Sunday, 26 April 2015

St. Gregory Palamas-Sermon on the Myrrhbearing Women



The resurrection of the Lord is the regeneration of human nature.  It is the resuscitation and re-creation of the first Adam, whom sin led to death, and who because of death, again was made to retrace his steps on the earth from which he was made.  The resurrection is the return to immortal life.  Whereas no one saw that first man when he was created and given life—because no man existed yet at that time—woman was the first person to see him after he had received the breath of life by divine inbreathing. 

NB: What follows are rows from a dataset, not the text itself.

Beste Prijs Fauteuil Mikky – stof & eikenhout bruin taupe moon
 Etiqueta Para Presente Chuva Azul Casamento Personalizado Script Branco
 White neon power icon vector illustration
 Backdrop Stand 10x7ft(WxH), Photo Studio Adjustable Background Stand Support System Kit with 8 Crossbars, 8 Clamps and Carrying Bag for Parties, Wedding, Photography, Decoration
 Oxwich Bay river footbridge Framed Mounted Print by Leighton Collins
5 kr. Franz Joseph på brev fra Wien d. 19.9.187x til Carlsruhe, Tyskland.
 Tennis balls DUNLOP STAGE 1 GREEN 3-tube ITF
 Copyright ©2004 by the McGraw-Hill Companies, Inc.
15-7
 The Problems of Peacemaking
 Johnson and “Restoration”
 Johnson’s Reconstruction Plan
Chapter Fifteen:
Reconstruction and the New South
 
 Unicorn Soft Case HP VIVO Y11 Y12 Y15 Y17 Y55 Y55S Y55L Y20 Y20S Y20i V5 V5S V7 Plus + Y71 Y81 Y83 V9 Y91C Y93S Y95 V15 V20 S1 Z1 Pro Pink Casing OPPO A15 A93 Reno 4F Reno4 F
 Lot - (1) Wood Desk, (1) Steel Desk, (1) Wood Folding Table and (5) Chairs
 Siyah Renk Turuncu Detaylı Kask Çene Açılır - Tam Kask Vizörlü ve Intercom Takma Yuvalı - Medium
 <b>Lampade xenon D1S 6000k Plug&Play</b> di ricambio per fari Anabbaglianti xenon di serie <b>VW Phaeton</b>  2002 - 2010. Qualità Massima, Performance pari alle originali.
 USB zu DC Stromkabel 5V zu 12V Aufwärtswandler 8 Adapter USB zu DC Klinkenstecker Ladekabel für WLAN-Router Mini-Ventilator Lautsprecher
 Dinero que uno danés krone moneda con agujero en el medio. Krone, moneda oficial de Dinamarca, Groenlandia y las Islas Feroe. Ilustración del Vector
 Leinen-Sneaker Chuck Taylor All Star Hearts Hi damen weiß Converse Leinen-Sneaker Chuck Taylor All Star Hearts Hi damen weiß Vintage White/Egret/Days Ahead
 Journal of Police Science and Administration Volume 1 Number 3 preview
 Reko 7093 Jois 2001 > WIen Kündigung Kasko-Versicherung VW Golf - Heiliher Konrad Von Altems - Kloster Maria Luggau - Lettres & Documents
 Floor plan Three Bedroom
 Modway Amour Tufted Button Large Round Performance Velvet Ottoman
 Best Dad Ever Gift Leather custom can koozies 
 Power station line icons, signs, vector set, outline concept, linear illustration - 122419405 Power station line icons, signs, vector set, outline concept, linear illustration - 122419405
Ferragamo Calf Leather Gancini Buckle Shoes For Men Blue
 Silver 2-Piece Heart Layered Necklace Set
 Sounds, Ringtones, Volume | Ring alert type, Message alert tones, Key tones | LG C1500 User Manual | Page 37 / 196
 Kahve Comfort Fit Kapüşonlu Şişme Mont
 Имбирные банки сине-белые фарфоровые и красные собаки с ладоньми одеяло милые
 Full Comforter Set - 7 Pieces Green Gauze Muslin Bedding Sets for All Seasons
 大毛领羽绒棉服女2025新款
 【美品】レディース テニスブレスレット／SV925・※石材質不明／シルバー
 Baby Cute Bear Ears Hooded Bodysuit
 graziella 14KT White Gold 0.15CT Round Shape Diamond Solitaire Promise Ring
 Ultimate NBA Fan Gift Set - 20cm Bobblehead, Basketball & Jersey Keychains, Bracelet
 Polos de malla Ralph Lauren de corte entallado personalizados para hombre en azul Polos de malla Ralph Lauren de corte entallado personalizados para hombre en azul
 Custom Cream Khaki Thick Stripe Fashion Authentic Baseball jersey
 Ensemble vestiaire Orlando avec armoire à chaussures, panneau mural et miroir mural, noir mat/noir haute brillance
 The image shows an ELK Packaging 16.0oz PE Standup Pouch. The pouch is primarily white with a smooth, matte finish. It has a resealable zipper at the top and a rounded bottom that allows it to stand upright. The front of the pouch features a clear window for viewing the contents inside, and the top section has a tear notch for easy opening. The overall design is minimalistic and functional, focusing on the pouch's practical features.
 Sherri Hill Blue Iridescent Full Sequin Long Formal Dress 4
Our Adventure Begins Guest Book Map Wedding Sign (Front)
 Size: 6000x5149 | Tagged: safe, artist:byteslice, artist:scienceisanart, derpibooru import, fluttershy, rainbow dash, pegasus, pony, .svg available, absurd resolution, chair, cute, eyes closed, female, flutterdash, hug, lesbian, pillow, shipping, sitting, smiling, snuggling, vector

For after him, Eve was the first human being.  Likewise no one saw the second Adam, who is the Lord, rise from the dead, for none of his followers were near by and the soldiers guarding the tomb were so shaken that they were like dead men.  Following the resurrection, however, it was a woman who saw Him first before the others, as we have heard from Saint Mark’s Gospel today.
After his resurrection Jesus appeared on the morning of the Lord’s Day [Sunday] to Mary Magdalene first.
It seems that the Evangelist is speaking clearly about the time of the Lord’s resurrection – that it was morning – that he appeared to Mary Magdalene, and that he appeared to her at the time of the resurrection.  But, if we pay some attention it will become clear that this is not what he says.
Earlier in this passage, in agreement with the other Evangelists, Saint Mark says that Mary Magdalene had come to the tomb earlier with the other Myrrhbearing women, and that she went away when she saw it empty.